#### [Task statement]
Nothing outside the range below should be printed. Output exactly the lines from the line with "The Vanca Embroidered" to the line with "Abilia Mini Dress", both included.
--- Task inputs Enclosed Below ---
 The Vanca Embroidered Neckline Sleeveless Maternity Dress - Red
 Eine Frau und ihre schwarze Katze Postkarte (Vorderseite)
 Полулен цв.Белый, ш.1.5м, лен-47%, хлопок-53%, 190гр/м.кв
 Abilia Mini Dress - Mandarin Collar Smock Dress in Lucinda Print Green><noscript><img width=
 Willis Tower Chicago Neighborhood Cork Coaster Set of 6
--- End of Enclosed Task inputs ---
--- Task inputs Enclosed Below ---
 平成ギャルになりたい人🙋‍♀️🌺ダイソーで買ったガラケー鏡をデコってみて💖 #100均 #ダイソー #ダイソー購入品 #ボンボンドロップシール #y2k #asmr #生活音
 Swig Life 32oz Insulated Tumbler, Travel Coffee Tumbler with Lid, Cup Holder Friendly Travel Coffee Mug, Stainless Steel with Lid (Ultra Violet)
--- End of Enclosed Task inputs ---
#### [Answer for this exercise]
 The Vanca Embroidered Neckline Sleeveless Maternity Dress - Red
 Eine Frau und ihre schwarze Katze Postkarte (Vorderseite)
 Полулен цв.Белый, ш.1.5м, лен-47%, хлопок-53%, 190гр/м.кв
 Abilia Mini Dress - Mandarin Collar Smock Dress in Lucinda Print Green><noscript><img width=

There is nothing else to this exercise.